I am not sure who said those words to me. But, I firmly believe in them.
This afternoon was another great example of this. I met with another parent and talked to one on the phone. Both of them were met with my usual happy upbeat personality, but I think they both were surprised by how very clear I am. So many teachers are so tired of what they do, that I don't think they really understand how vital they are. Some truly do not understand the impact they can have on their student population and the lasting effects of those relationships.
Each year I say that I have 204 kids; 4 I gave birth to and 200 that the school gave me. This year I feel that even more than normal. These kids are really incredible. I hear people say, "they have such a bright light" about different people and I've never really known what that meant. This year I do. These kids are AMAZING. They soak up the material while we're in class. They tell me jokes. They tell me problems. They ask me questions. They are incredible. I force them to work really, really, really, hard and they do it.

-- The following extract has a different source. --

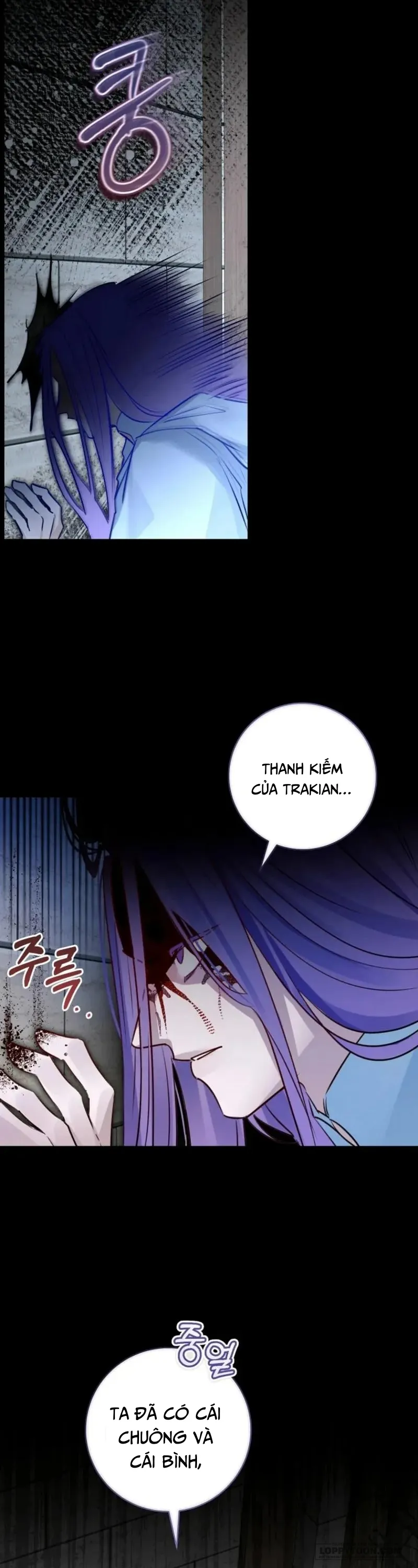 Cuộc Hôn Nhân Xa Hoa Của Đại Công Tước Là Giả - Chap 98 - Trang 11
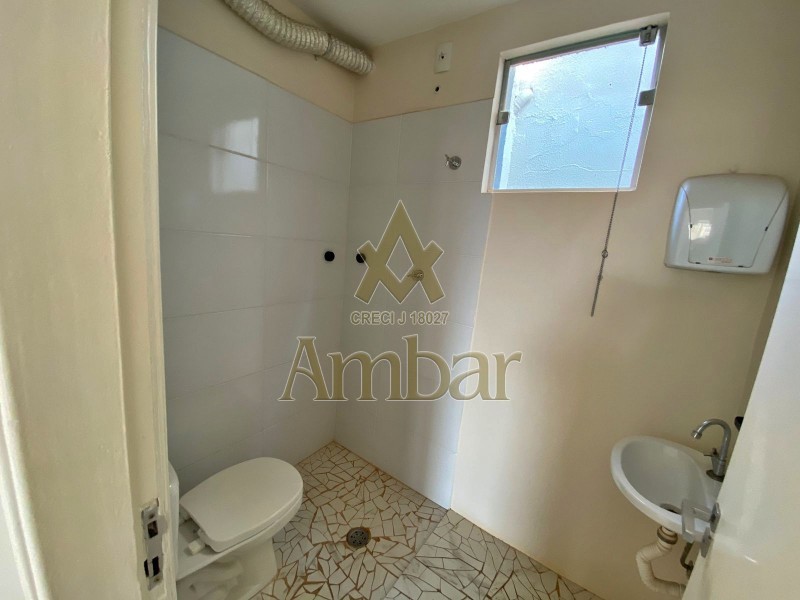 Ambar Imóveis | Imobiliária em Ribeirão Preto | Ponto Comercial - Alto da Boa Vista - Ribeirão Preto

For the most part, I don't have any behavior issues. Ever. It is so strange to me. I've never been this lucky before. I give all the credit to the kids. Don't get me wrong, I am working my tushie off! I study every night to make sure I can teach them correctly, do my best to write quizzes and tests that are aligned with the primary learning objectives, write lesson plans that I think are really fun and they they will engage in and then write study guides that I believe will guide them in the right direction. It's the best hard work I've done in a long time.
I think this is the, "I am so blessed" post. Most of the time those sound so trite to me. I hope this doesn't sound that way. But, truly, I have never had a roster full of kids for whom I feel nearly the same way as I feel about my own kids. They're incredible. They make me want to work harder at my classes for my Doctorate to be sure that I am working at setting a good example.
Now, this is where I get pretty out of character for me....If you are of the praying kind, whatever your method, prayer beads, incense, spiritual gods, good vibes, positive energy, what have you; say a prayer for us. We have a big mountain to climb to try and get these kids to reach the proficient goal on the end of course test in May. I want to see these sweet kids reach the top. Help us reach the top.